À propos de : Francis Wolff, Trois Utopies contemporaines, Fayard
À l’heure où l’on proclame la fin des utopies, F. Wolff en recense trois formes actuelles, qui toutes prétendent élargir l’homme : le transhumanisme, l’animalisme et le cosmopolitisme. Mais seule cette dernière se tiendrait dans les frontières de l’humain.

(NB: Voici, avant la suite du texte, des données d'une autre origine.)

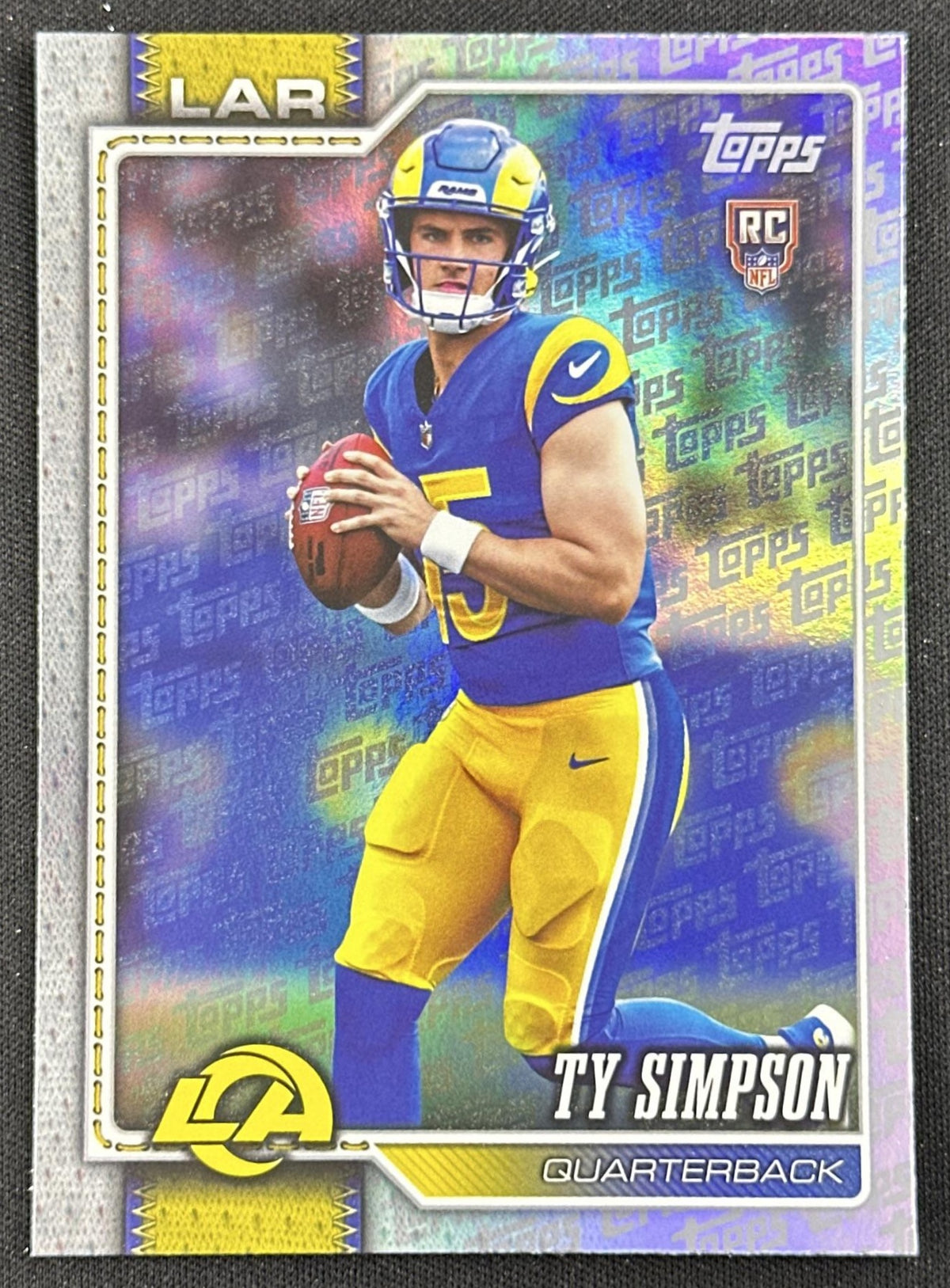 Ty Simpson 2026 Topps Flagship Fanatics Foil Rams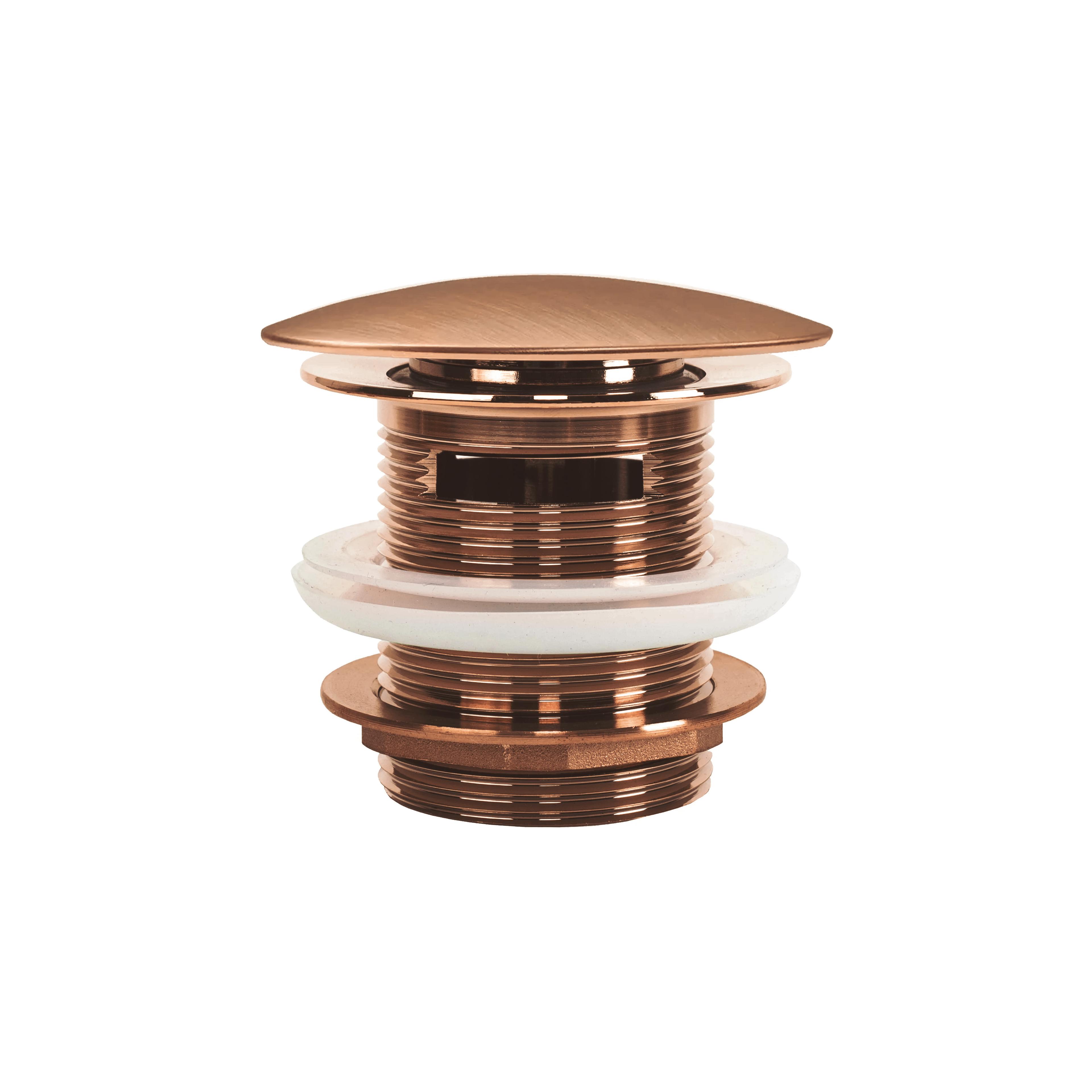 Πώμα μπανιέρας Klik-Klak Rea, Brushed Copper, 6cm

Le monde n’est plus à l’utopie politique
Voilà trente ans s’effondrait le mur de Berlin et avec lui les utopies politiques. Depuis, s’est fait jour un étrange paradoxe : plus personne ne croit au paradis sur terre – c’est la fameuse « fin de l’histoire » (Fukuyama) –, et pourtant les claims particuliers continuent de prospérer. « C’est parce que nous ne croyons plus à la cité juste, ni à la Cité, ni à la Justice, que nous multiplions les foyers de revendication », écrit F. Wolff (p. 21). À l’idéal d’émancipation collective s’est substituée « une multiplicité dispersée de désirs » individuels. Mais si « nous ne croyons plus au salut commun ; ni au salut ni au commun » (p. 15), le rêve d’émancipation collective s’est-il pour autant dissipé ? Non pas, mais il est pétri de contradictions : « nous attendons de l’État qu’il nous permette de vivre sans lui [et qu’il] nous rende moins inégaux tout en nous laissant tous indépendants, de lui et des autres » (p. 21). Reléguer l’utopie politique au rancart de l’histoire n’est pourtant pas sans risque. Parmi les principaux dangers, Trois Utopies contemporaines relève les relents identitaires et nationalistes, le repli sur les droits individuels, et plus largement sur la sphère privée. F. Wolff s’emploie également à étudier les nouvelles utopies individualistes que sont le transhumanisme et l’animalisme : insistant sur les droits personnels, elles ont, dit-il, oublié la question de l’égalité ; tournant le dos à l’humanisme, elles ont abandonné l’idéal d’un « nous ». Or, si ces les conséquences qu’impliquent ces deux utopies sont dangereuses, le concept d’utopie, lui, doit être sauvé, sans quoi l’humanité se prive des forces de progrès et se condamne soit au présentisme, soit à la nostalgie. Ces forces de progrès, l’auteur les puise dans l’idéal cosmopolitique, le seul capable de porter l’humanisme comme un absolu.
Le logos au service de l’utopie
Les premières pages distinguent l’utopie théorique (des prémices de la modernité jusqu’à Marx) et l’utopie en acte. Alors que l’utopie théorique se borne à des buts précis (bousculer les consciences, stimuler l’imaginaire, ouvrir le champ des possibles), l’utopie en acte, quant à elle, voit sa réalisation effective se retourner contre son principe même – le cas d’école étant le communisme, dont les exemples historiques ont été pour le moins décevants. C’est la bonne fortune passée du « nous » qui a, paradoxalement, précipité sa dévaluation, tant les régimes s’en réclamant ont ébréché sa crédibilité. Symétriquement, la Déclaration des droits de l’homme et du citoyen a subi de nombreux coups de boutoir, en particulier de la part du marxisme, lequel dénonçait son caractère purement formel, « bourgeois », non suivi d’effet.